- Mizoguchi clan emblem
- Home province: Owari Province
- Parent house: Takeda clan
- Titles: Count (hakushaku)
- Ruled until: 1871 (Abolition of the han system)

= Mizoguchi clan =

Japanese samurai clan

The Mizoguchi clan (溝口氏, Mizoguchi-shi) was a Japanese samurai clan who rose to prominence under the Edo period Tokugawa shogunate. The main branch of the clan ruled as daimyō of Shibata Domain in Echigo Province (100,000 koku) until the Meiji restoration, and was subsequently unbowed with the kazoku peerage title of hakushaku (count).

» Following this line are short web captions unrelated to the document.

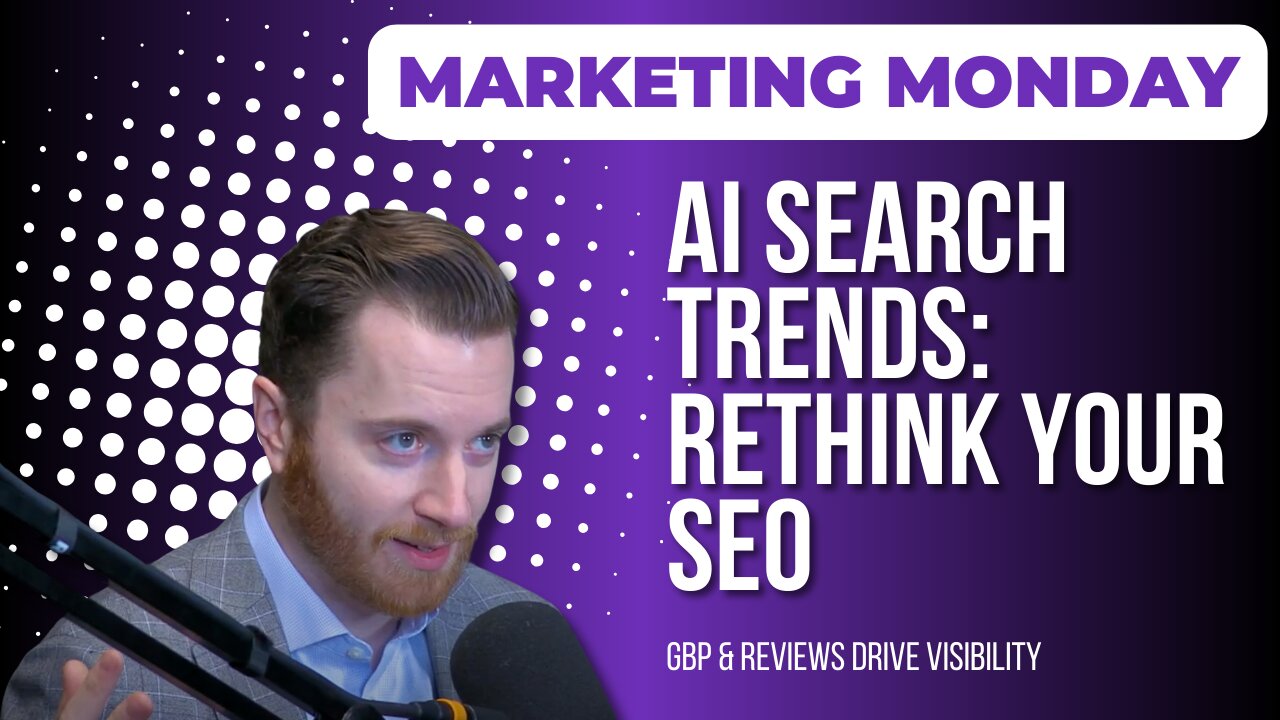 Marketing Monday Episode #49: Why SEO Still Matters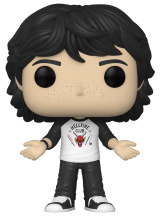 Фигурка Funko POP Television: Stranger Things Season 4 – Mike Wheeler (1239) (62393) (9,5 см)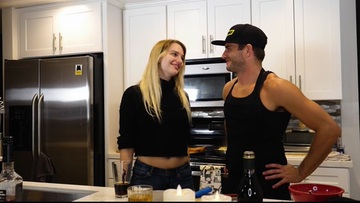 Ep 13 Kenna James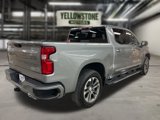 New 2025 Chevrolet Silverado 1500 High Country w/ Technology Package image 4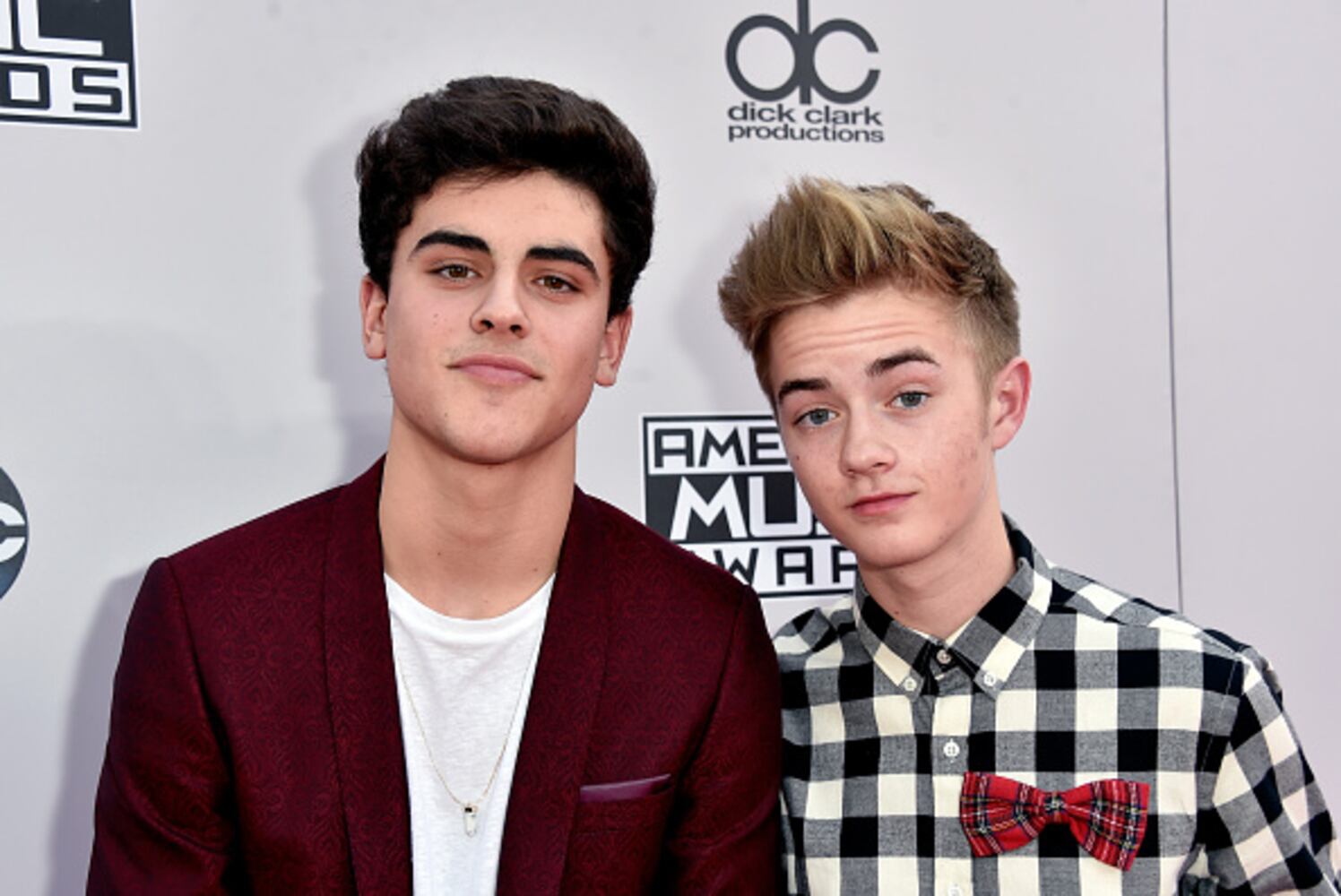American Music Awards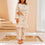 2PC- Cambric Printed Suit PS3332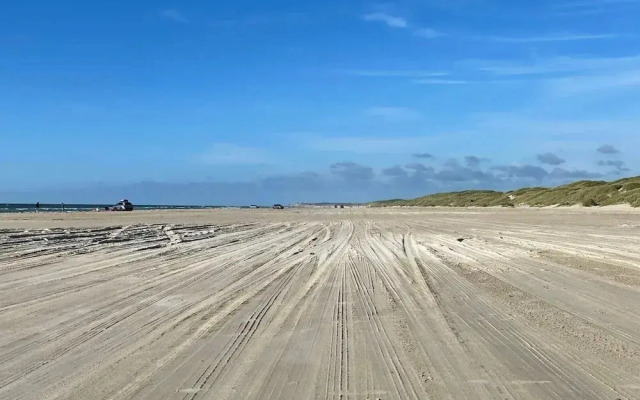 4 Star Holiday Home in Lokken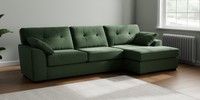 Large Sofa Chaise - Right Hand
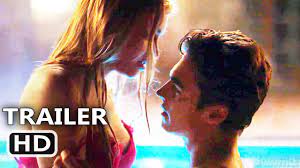 If there's something strange in your neighborhood. After 3 Official Trailer 2021 After We Fell Josephine Langford Romantic Movie Hd Youtube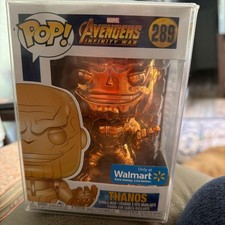 Ultimate Funko Pop Avengers Infinity War Figures Guide 56
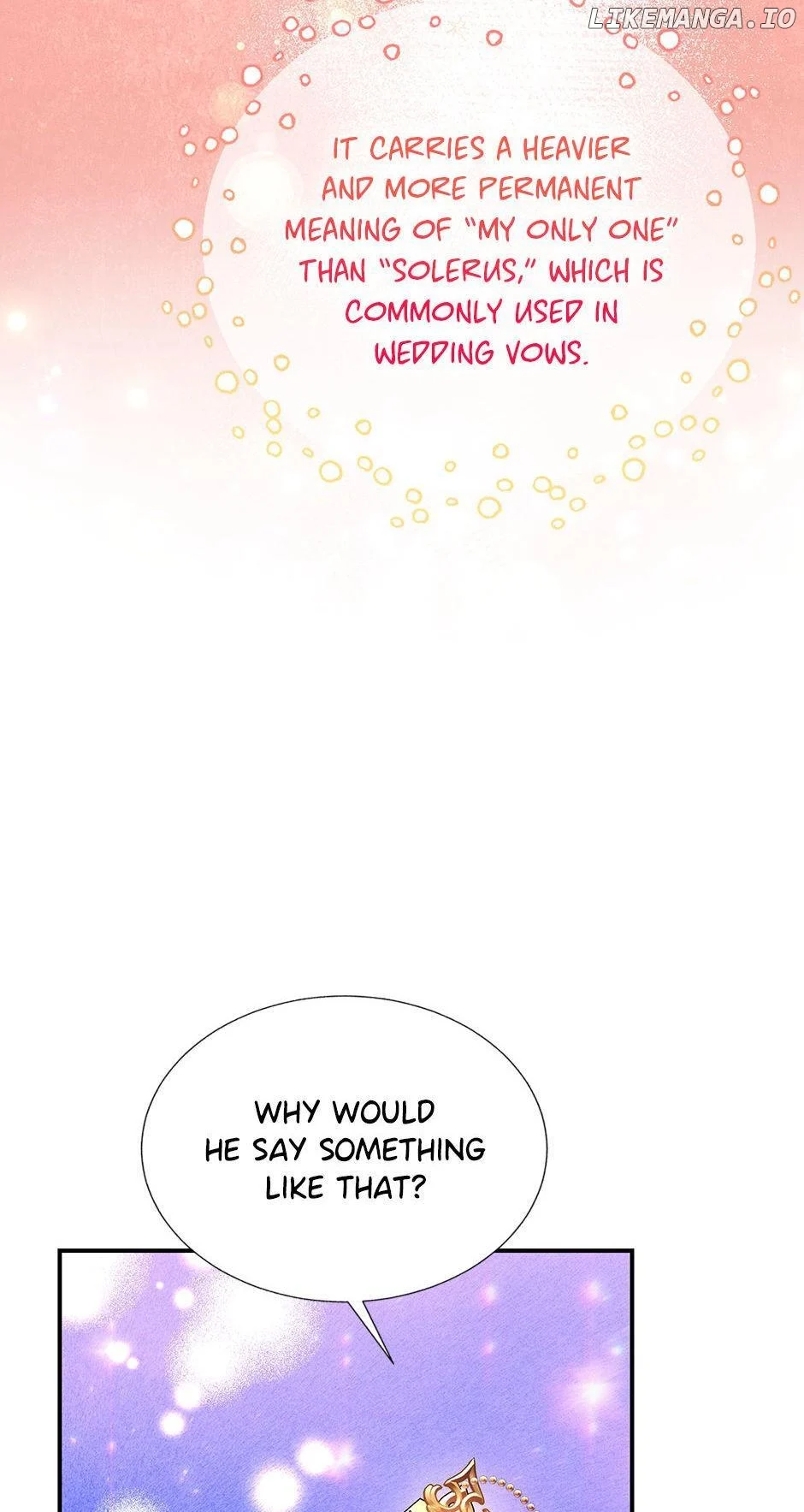 Cavier Falcon Princess Chapter 92 - Page 40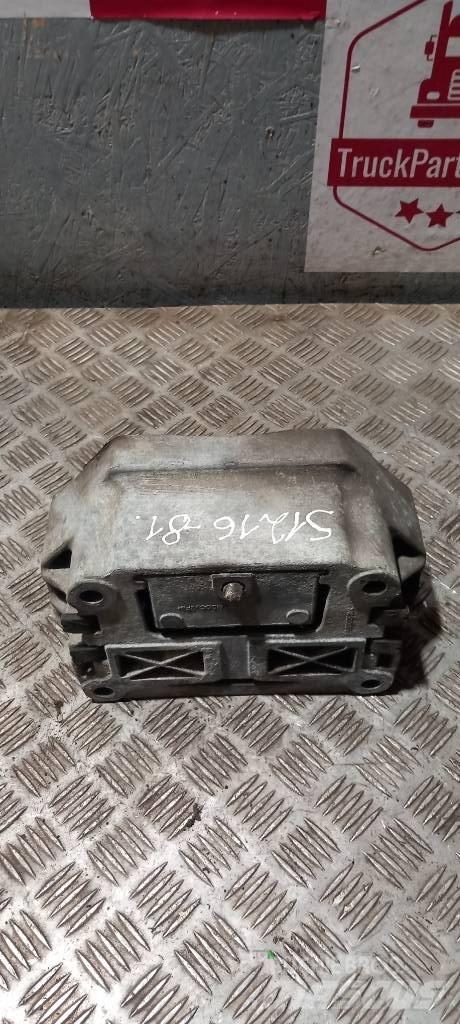 Scania R 440   1782203 Motori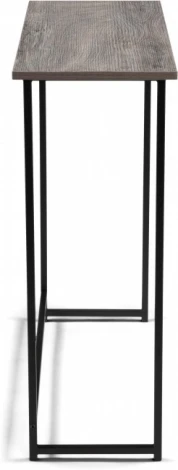 Консольный столик Феот (Феот 80х30х77 дуб рошелье) Woodville арт.587515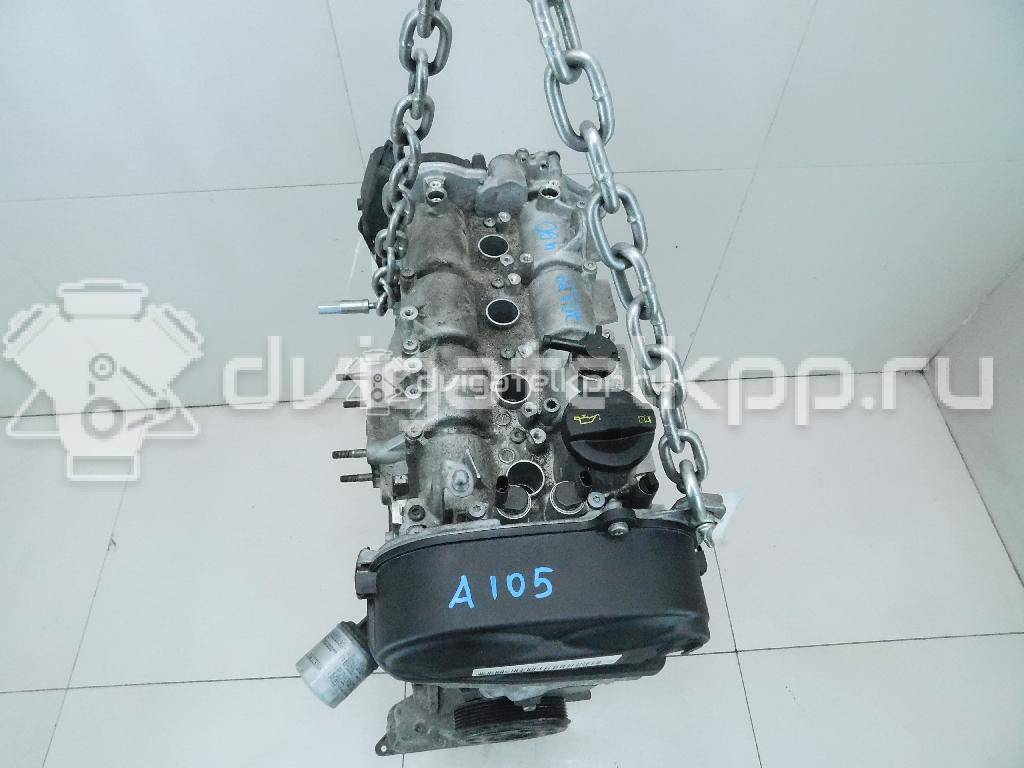 Фото Контрактный (б/у) двигатель CVN для Audi (Faw) A4L 150 л.с 16V 1.4 л бензин 04E100033N {forloop.counter}}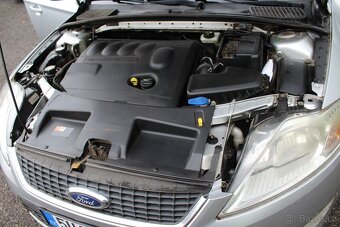 Ford Mondeo - 18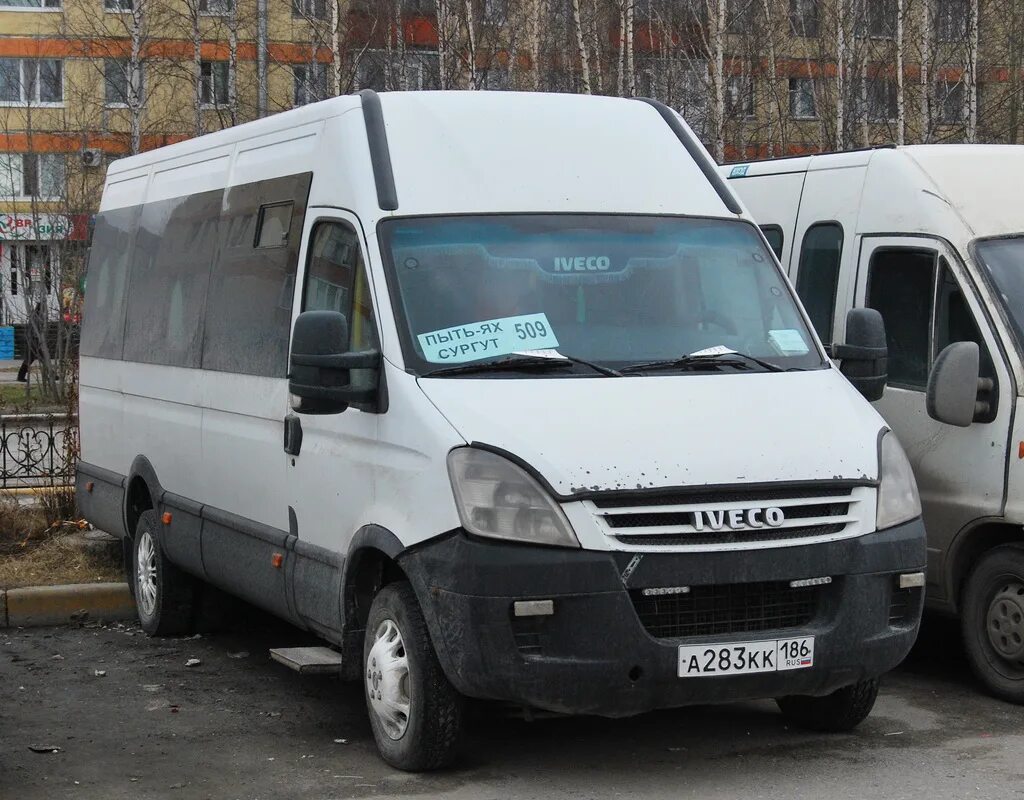 Маршрутное такси сургут. Нижегородец-2227uu Iveco Daily. Iveco Daily 2227ut. Iveco 2227uu. Микроавтобус Iveco 2227uu.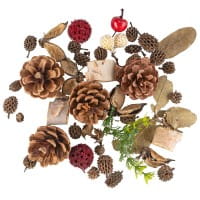 Potpourri Waldmix, 80g
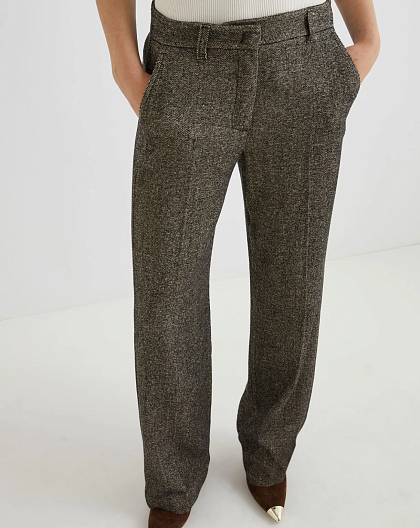 Брюки TURBIGO – фото 3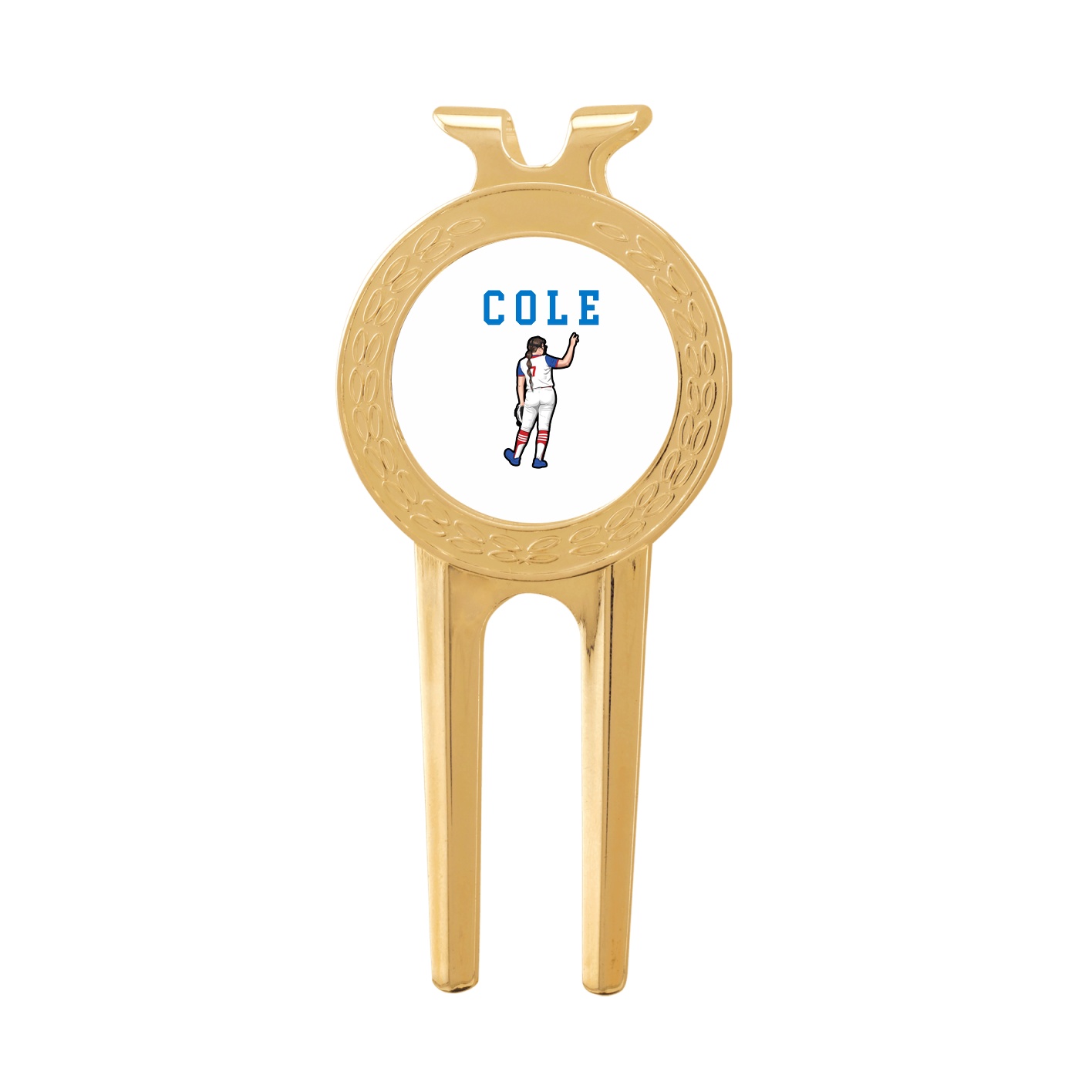Divot Tool with Ball Marker — Shirsey in Classic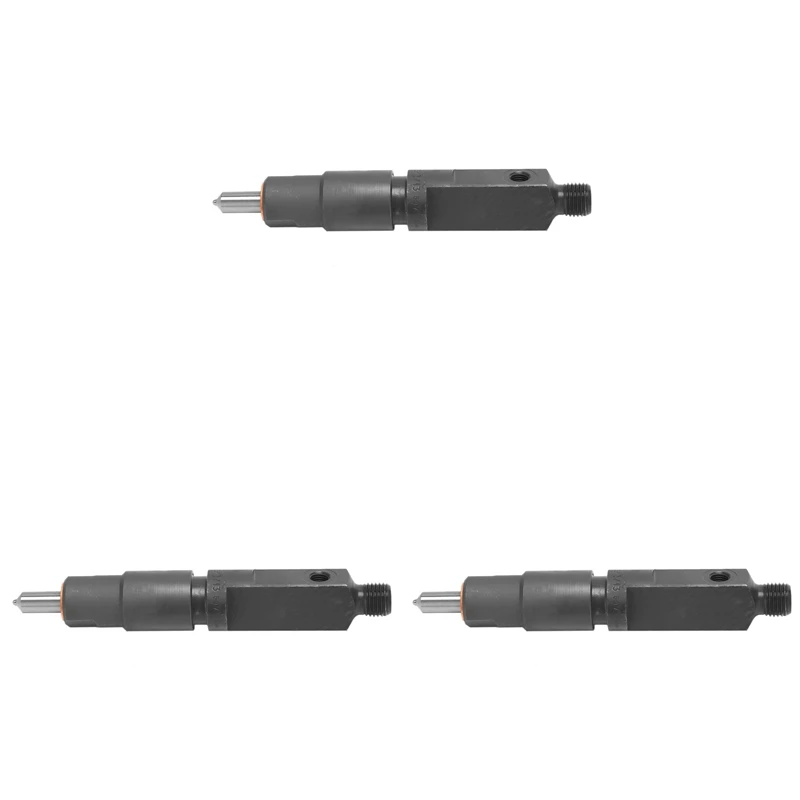 

3X Новый инжектор необработанного топлива BFL913 KBAL65S13 / 2233085 для Deutz F3L912 F4L912 F5L912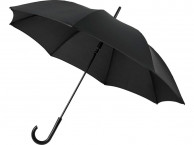 Зонт-трость «Kaia», черный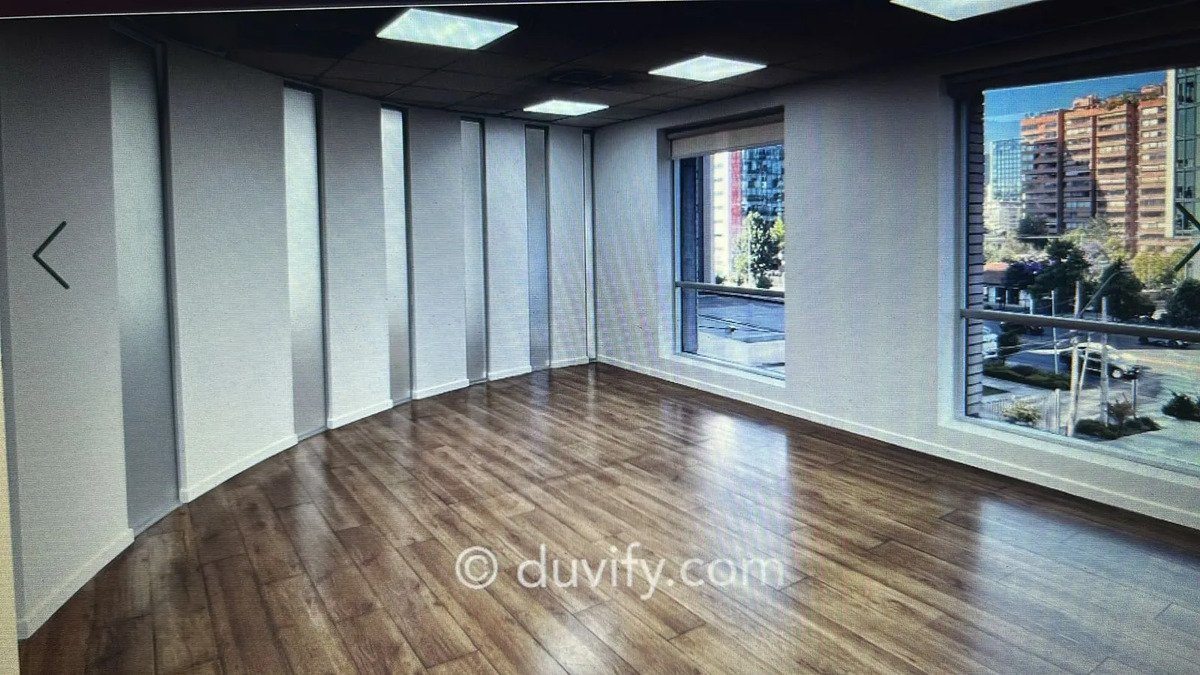 Oficina en Arriendo en Las Condes, Los Militares 6191, Las Condes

==Origins and Edo period history==
The Mizoguchi were originally from Owari Province and were a cadet branch of the Takeda clan. Mizoguchi Hidekatsu was a retainer of Niwa Nagahide. His abilities came to the attention of Niwa's overlord, Oda Nobunaga, who granted him a 5000 koku fief in what is now Takahama, Fukui. Following Nobunaga's assassination, he entered the service of Toyotomi Hideyoshi and was active at the Battle of Shizugatake against Shibata Katsuie, for which he was granted a 44,000 koku estate in Kaga Province. In 1586, he was recognized by Hideyoshi as an independent daimyō and was even authorized to use the "Toyotomi" surname. During the Japanese invasions of Korea (1592–1598), he remained in Japan as part of the guard of Nagoya Castle. In 1598, he was transferred to Shibata and his kokudaka was increased to 60,000 koku. Following the Battle of Sekigahara, he was confirmed in his holdings by the Tokugawa shogunate.

The Mizoguchi ruled Shibata as tozama daimyō until the Meiji restoration. After the abolition of the han system in 1871, the final daimyō of Shibata, Mizoguchi Naomasa relocated to Tokyo and received the kazoku peerage title of hakushaku (Count) in 1884. The modern city of Shibata, Niigata continues to use the clan emblem of the Mizuguchi clan as its city seal to this day.